Cop This Lot
- Author: John O'Grady, "Nino Culotta"
- Language: English
- Genre: Comic novel
- Publisher: Ure Smith, Sydney
- Publication date: 1960
- Publication place: Australia
- Pages: 220 pp
- Preceded by: They're a Weird Mob
- Followed by: Gone Fishin'

= Cop this Lot =

Australian comic novel

Cop this Lot (1960) is a popular Australian comic novel written by John O'Grady under the pen name "Nino Culotta", the name of the main character of the book. It is a sequel to the even more popular They're a Weird Mob.

==Plot==
Giovanni 'Nino' Culotta is an Italian immigrant, who came to Australia as a journalist, but became a brickie's labourer. Now, several years later, he is a builder, and married to Kay, with a daughter Maria and son Nino junior.

Nino decides to travel back to Italy to see his parents, and takes not only Kay, but his mates Joe and Dennis, who have never left Sydney. They travel by aeroplane and cargo ship and buy a cheap car in Germany to drive to Italy.

They arrive at the Cullota family villa, and Nino's father, a crusty patriarch, is only concerned that Nino and Kay have not been 'properly' married by an Italian priest.

By the time they return to Sydney, Joe and Dennis, despite their working-class 'Ocker' background, have acquired a veneer of European sophistication, preferring wine to beer and unwilling even to get drunk.

==Sequels==
The book has two sequels, Gone Fishin' , and Gone Gougin' which feature largely the same cast of characters.
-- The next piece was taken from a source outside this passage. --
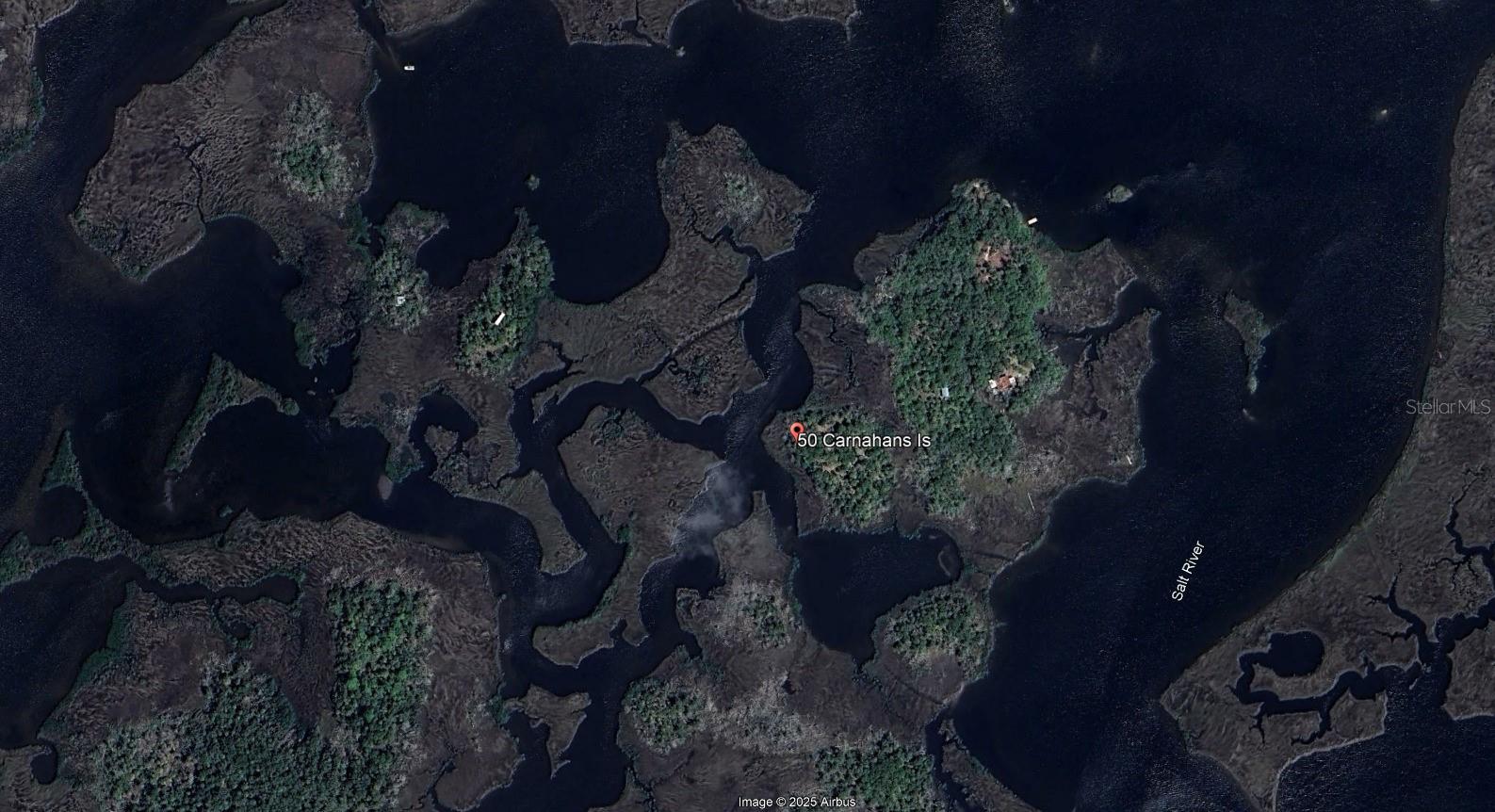50 CARNAHANS, CRYSTAL RIVER, FL — photo 4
Gone Gougin' takes place in 1975, 10 years after Gone Fishin' , in which Nino's two children (Young Nino and Maria) are now adults.

The novel Gone Fishin' is the only novel not to feature the main characters from the first two books, Joe, Edie and Dennis as primary characters. They appear onwards from chapter 11, and Dennis gets engaged.

In the following book, Gone Gougin' , only Nino, Joe and Dennis (now married) appear, and their wives are only briefly mentioned.